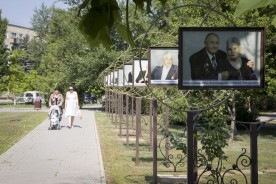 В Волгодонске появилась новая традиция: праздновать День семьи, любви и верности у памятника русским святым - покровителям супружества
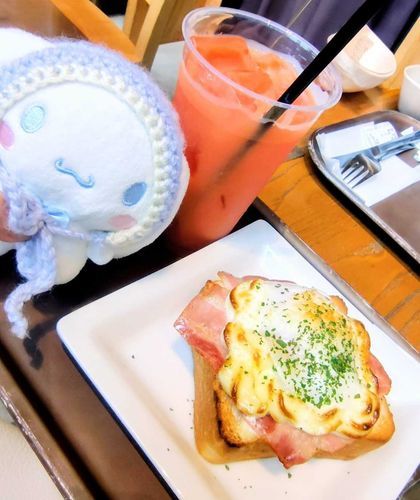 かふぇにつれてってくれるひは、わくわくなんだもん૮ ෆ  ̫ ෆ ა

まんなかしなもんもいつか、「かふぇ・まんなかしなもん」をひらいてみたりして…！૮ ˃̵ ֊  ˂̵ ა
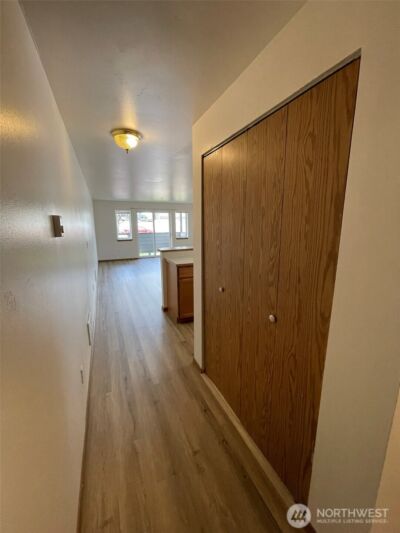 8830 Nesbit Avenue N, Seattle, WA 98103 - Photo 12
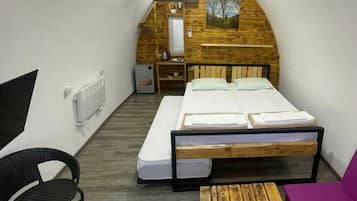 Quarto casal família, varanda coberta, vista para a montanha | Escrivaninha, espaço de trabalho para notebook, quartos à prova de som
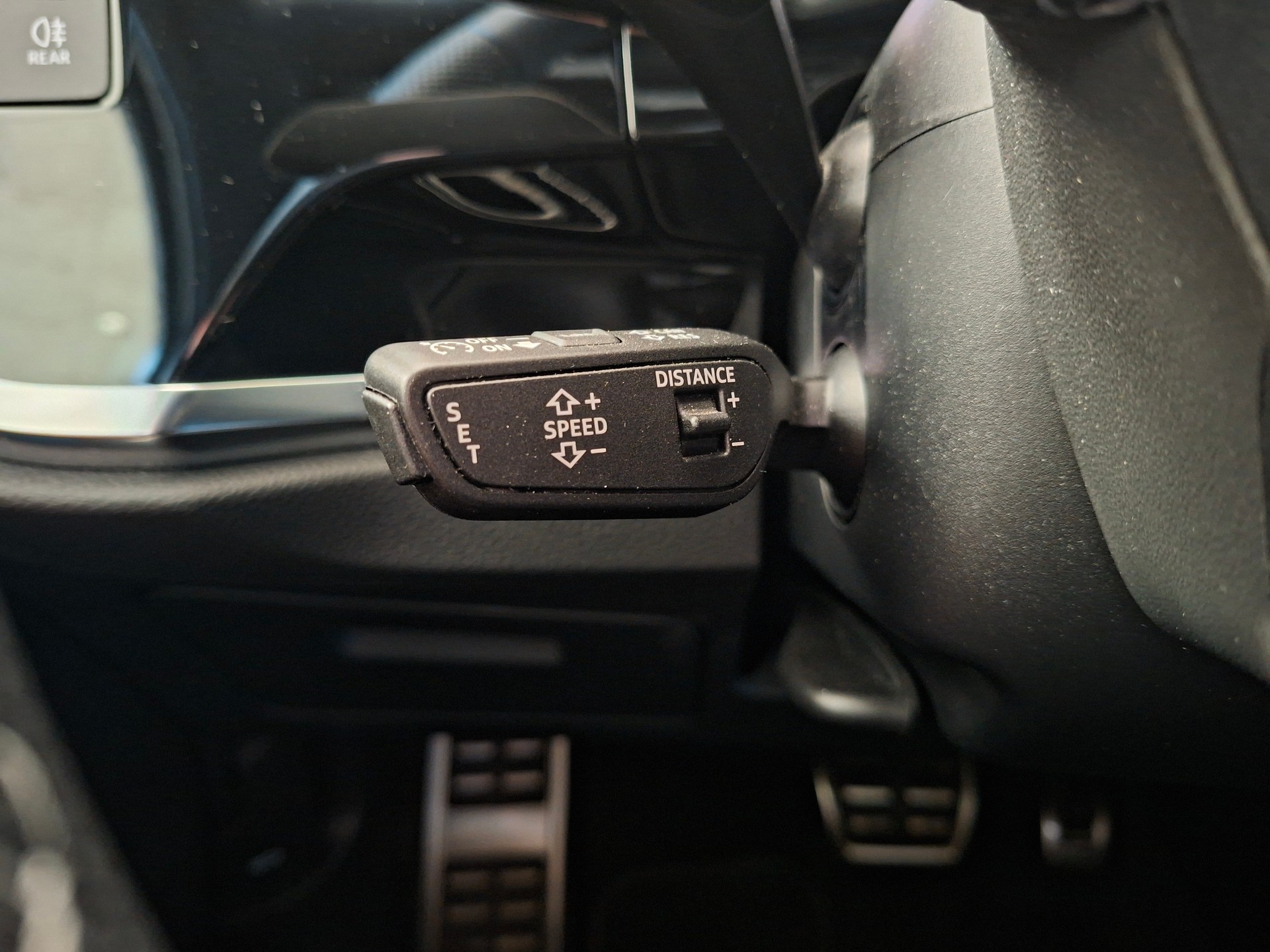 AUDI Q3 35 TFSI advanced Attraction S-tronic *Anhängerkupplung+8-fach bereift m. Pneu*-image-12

■ **TASK DIRECTIONS**
Reproduce the whole listing above word for word, dropping each image.

■ **REPLY TO THE EXERCISE**
 В Волгодонске появилась новая традиция: праздновать День семьи, любви и верности у памятника русским святым - покровителям супружества
 かふぇにつれてってくれるひは、わくわくなんだもん૮ ෆ  ̫ ෆ ა

まんなかしなもんもいつか、「かふぇ・まんなかしなもん」をひらいてみたりして…！૮ ˃̵ ֊  ˂̵ ა
 8830 Nesbit Avenue N, Seattle, WA 98103 - Photo 12
 Quarto casal família, varanda coberta, vista para a montanha | Escrivaninha, espaço de trabalho para notebook, quartos à prova de som
 AUDI Q3 35 TFSI advanced Attraction S-tronic *Anhängerkupplung+8-fach bereift m. Pneu*-image-12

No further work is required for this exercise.